Lorsque le terme engagement est utilisé dans nos métiers, il décrit le plus souvent une quantité de likes, de commentaires voire de partages (sans réelle hiérarchie entre eux d’ailleurs) sur une publication ou plusieurs publications (préalablement poussées par de l’achat d’espace ou pas). Le taux d’engagement consistera en un nombre d’interactions divisé par le nombre total de gens ayant été potentiellement exposés auxdites publications. Et donc en creux « l’engagement » est une extension de « l’exposition », c’est à dire qu’il mesure un nombre de réactions suite à l’exposition à un contenu (cela ne vous rappelle rien qui existe déjà depuis la création du marketing … ?). Une fois décrit de cette façon, on perçoit mieux la part d’arnaque intellectuelle dans l’emploi de cette notion.

Stop à la pensée magique : interagir n’est pas être engagé.

C’est un problème récurrent des notions venant des pays anglo-saxons, elles n’ont pas toujours exactement la même acception en français (un autre exemple : « culture » ou même « social media », « social networks »). Une fois importées dans l’univers professionnel français elle sont chargées naturellement, et malgré elles, d’un sens qui est souvent plus fort que le sens anglais. Et puis le besoin d’exister de certains consultants; les poussant à inventer des « concepts » à fréquence régulière, décrivant quasi systématiquement des principes anciens, en leur conférant une aura nouvelle. Tout ça fait qu’on se retrouve avec beaucoup de concepts et buzzwords dont, honnêtement, on ne sait plus trop ce qu’ils recouvrent, mais on les utilise quand même car ils sont devenus des éléments de langage partagés.

En français le mot « engagement » est chargé de sens : relation, lien, affection etc. De ce fait son emploi récurrent dans nos métiers laisse un peu planer l’idée sous jacente que des « publics engagés » seraient le signe de quelque chose de plus, quelque chose comme « un lien émotionnel entre la marque et les publics ». Et c’est évidemment ce que Facebook et consors ont usé jusqu’à épuisement : grâce à eux on avait déjà postulé qu’un simple abonné était un « fan ». Il n’y avait qu’un pas pour considérer qu’une interaction était de « l’engagement ».

L’engagement est, à ce jour, un KPI qui mesure un taux d’interactions sur une ou plusieurs publications auxquelles un public donné a été exposé. Aussi étonnant que cela puisse paraître, et humblement, pour les bannières ou emailings on avait appelé cela « taux de clic » ou « taux de réactivité ». Vous voyez comme un terme change la perception.
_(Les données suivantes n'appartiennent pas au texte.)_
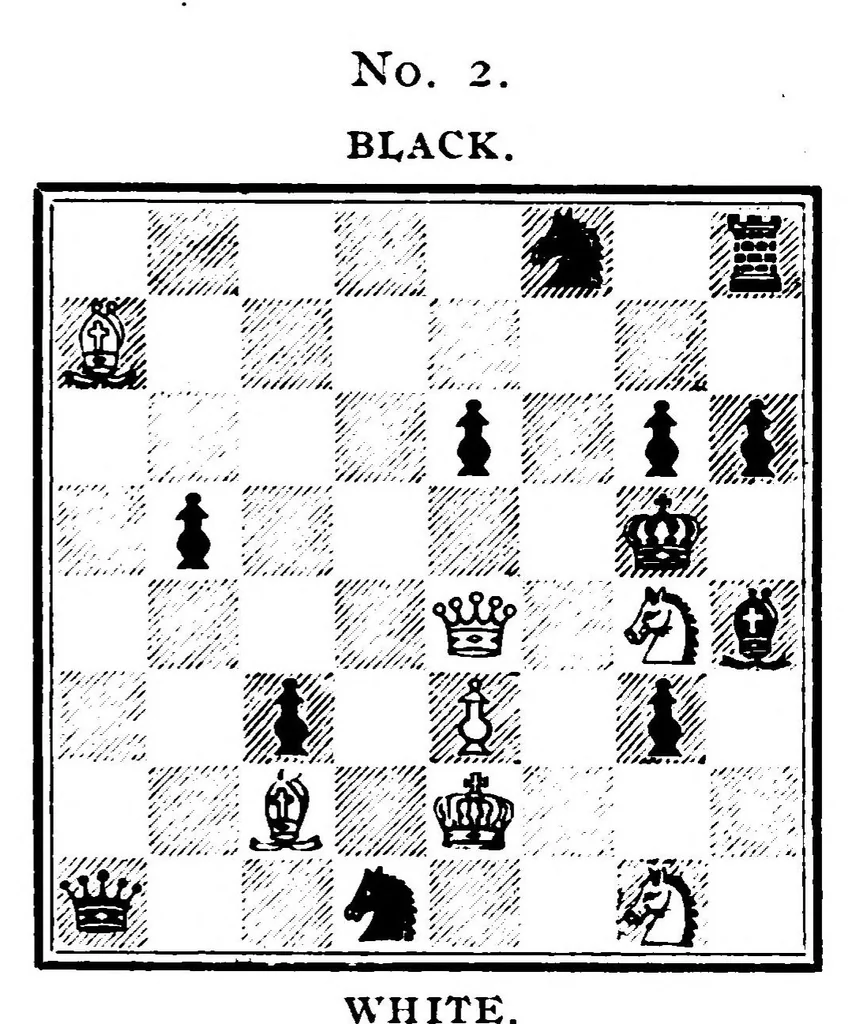An illustration from The British Chess Magazine Volume 34 1914, 1914, leaf 98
De l’exposition à l’engagement.

Alors bien sûr, on peut dire que « partager » un contenu ou le commenter c’est un peu plus que juste cliquer pour le regarder ou le liker. Oui, mais faisons-nous ce distinguo quand on parle d’engagement dans nos métiers ? En réalité, quasiment jamais. Et c’est un tort d’ailleurs. Toutes les interactions seraient de l’engagement. Point. Circulez.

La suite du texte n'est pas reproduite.